The data plane includes
- worker nodes:
- kube-proxy
- container runtime
- kubelet
- pods
kube-proxy
helps with networking. It maintains network rules on the host and performs any connection forwarding that may be necessary.
container runtime
Kubernetes supports several runtimes, with Docker being the most common.
kubelet
is the primary agent that runs on the worker nodes. Kubelet makes sure that the right containers are running in a pod and that they are healthy.
A Pod
is a group of one or more containers. The containers in a pod are always colocated, scheduled together, and managed together; you cannot split containers in a pod across nodes. Applications in a pod can easily communicate with each other. Like individual application containers, pods are considered to be relatively ephemeral (rather than durable) entities. This means that pods can disappear if they become unhealthy, and new ones can take their place.
kubectl
You can communicate with your control plane nodes using kubectl
. kubectl
is a command line interface (CLI) for communicating with the Kubernetes API server. It provides commands to create resources, view detailed information about the cluster and resources, and access troubleshooting tools. kubectl commands are used to roll out, scale, and automatically scale resources.
Syntax:
kubectl [command] [TYPE] [NAME] [flags]
- Command: Specifies the operation you are performing.
- Type: Specifies the resource type.
- Name: Specifies the name of the resource.
- Flag: Specifies optional flags.
EKS API
The Amazon EKS control plane consists of at least two API server nodes and three etcd nodes across three Availability Zones.
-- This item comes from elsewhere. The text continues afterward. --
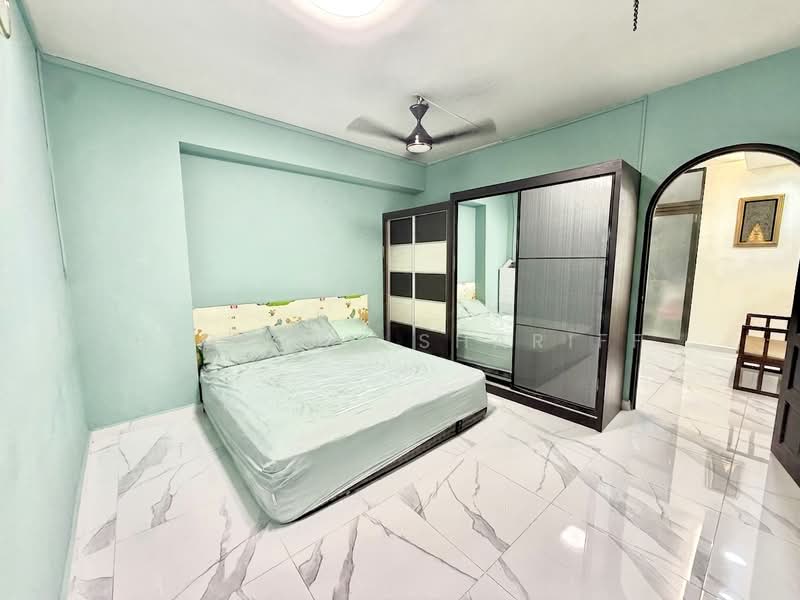 321 Tampines Street 33, 321 Tampines Street 33, 4 Bedrooms, 1,378 sqft, HDB Flat For Sale, by Hidayat Shariff, 500181572 - Bedroom - PropertyGuru.com.sg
Amazon EKS automatically detects and replaces unhealthy control plane nodes, which removes a significant operational burden for running Kubernetes. With this capability, you can focus on building your applications instead of managing AWS infrastructure.
To get started with Amazon EKS, you provision your cluster of worker nodes. Amazon EKS handles the provisioning, scaling, and management of the Kubernetes control plane in a highly available and secure configuration. You then connect to the Amazon EKS cluster using the graphical or command line interface. After you’ve connected to the Amazon EKS cluster, you’re ready to deploy your Kubernetes applications to your Amazon EKS cluster. You can do this the same way that you would with any other Kubernetes environment.
You use the Amazon EKS API for anything that Amazon EKS manages. As you have learned, this includes the entire control plane (creating and managing the cluster). In later modules, you learn how Amazon EKS can also manage parts of the data plane using features such as managed node groups and AWS Fargate.